Question

A mixture of one mole of a monoatomic gas and one mole of a diatomic gas (rigid) are kept at room temperature (\(27^\circ \text{C}\)). The ratio of specific heat of gases at constant volume respectively is:

• A. \(\frac{7}{5}\)
• B. \(\frac{3}{2}\)
• C. \(\frac{3}{5}\)
• D. \(\frac{5}{3}\)

Answer 1

The Correct Option is C

To determine the ratio of specific heats at constant volume for a gas mixture, the individual specific heats must first be computed.

Fundamental concepts include:

• For a monatomic gas, the degree of freedom is \( f = 3 \). The specific heat at constant volume \( C_V \) is thus: \(C_{V_\text{monoatomic}} = \frac{f}{2}R = \frac{3}{2}R\).
• For a rigid diatomic gas, the degree of freedom is \( f = 5 \).
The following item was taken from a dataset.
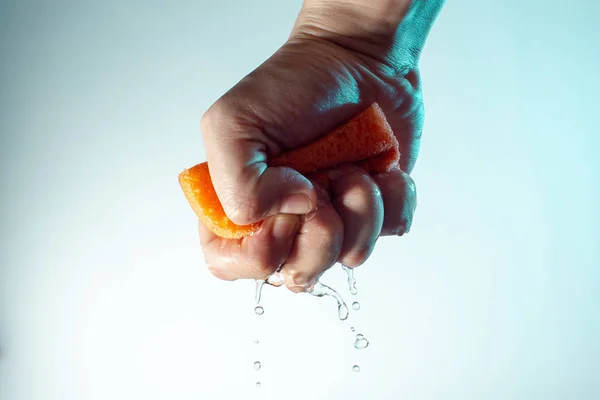 Male Hand Squeezes Sponge Washing Water Drops Fall Concept Light — 스톡 사진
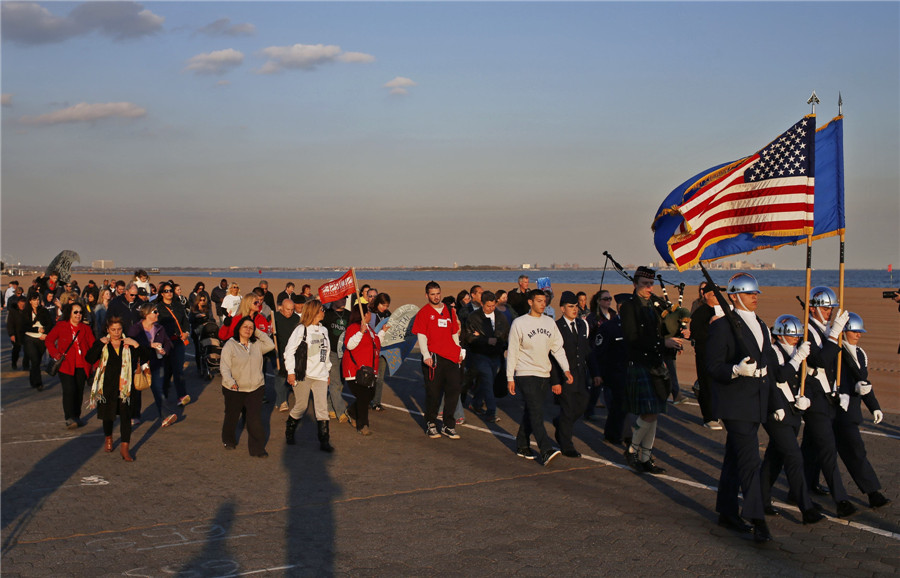 Des habitants de Staten Island marchent ensemble derrière une garde du drapeau sur la promenade de la rive sud de l'île à New York pour commémorer le premier anniversaire de l'ouragan Sandy, dans l'arrondissement de Staten Island de la ville de New York, le 29 octobre 2013.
The specific heat at constant volume \( C_V \) is: \(C_{V_\text{diatomic}} = \frac{f}{2}R = \frac{5}{2}R\).

Considering one mole of a monatomic gas and one mole of a diatomic gas, the total number of moles is \( n = 2 \).
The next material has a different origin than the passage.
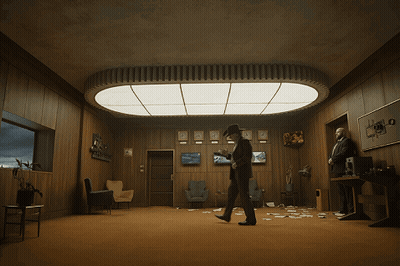 Man In Cowboy Hat Under Ceiling Light GIF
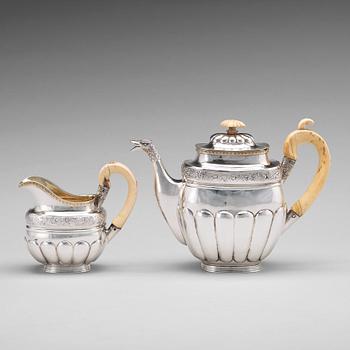 A Russian 19th century parcel-gilt silver coffeepot and cream jug, mark of Gustav Lindgren, St Petersburg 1827.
The average specific heat at constant volume for the mixture, \( C_{V_{\text{mix}}} \), is calculated as a weighted average:

\(C_{V_{\text{mix}}} = \frac{(1 \cdot C_{V_\text{monoatomic}}) + (1 \cdot C_{V_\text{diatomic}})}{2}\)
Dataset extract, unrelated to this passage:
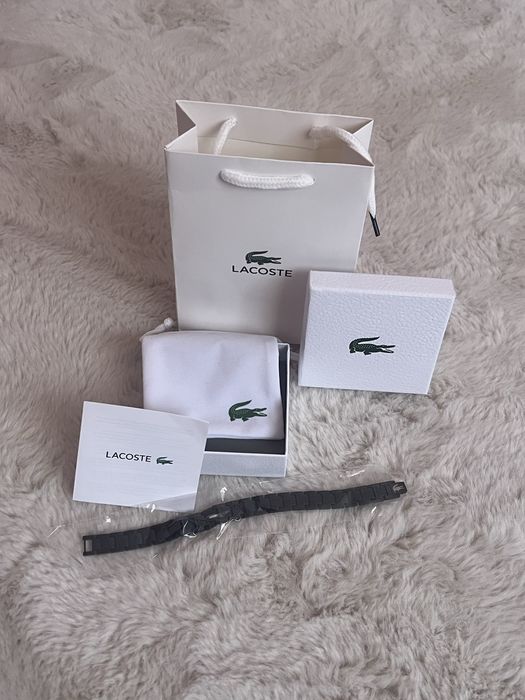 гривна Lacoste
Upon substitution of the values:

\(C_{V_{\text{mix}}} = \frac{(1 \cdot \frac{3}{2}R) + (1 \cdot \frac{5}{2}R)}{2}\) \(C_{V_{\text{mix}}} = \frac{\frac{3}{2}R + \frac{5}{2}R}{2}\) \(C_{V_{\text{mix}}} = \frac{8}{4}R = 2R\)

The ratio of specific heats for the gases is then calculated as:

\(\text{Ratio} = \frac{C_{V_\text{monoatomic}}}{C_{V_\text{mix}}} = \frac{\frac{3}{2}R}{2R}\) \(\text{Ratio} = \frac{3}{4}\)

Therefore, the expected correct option was \(\frac{3}{4}\).

However, the provided correct answer is \(\frac{3}{5}\), which contradicts our calculated result.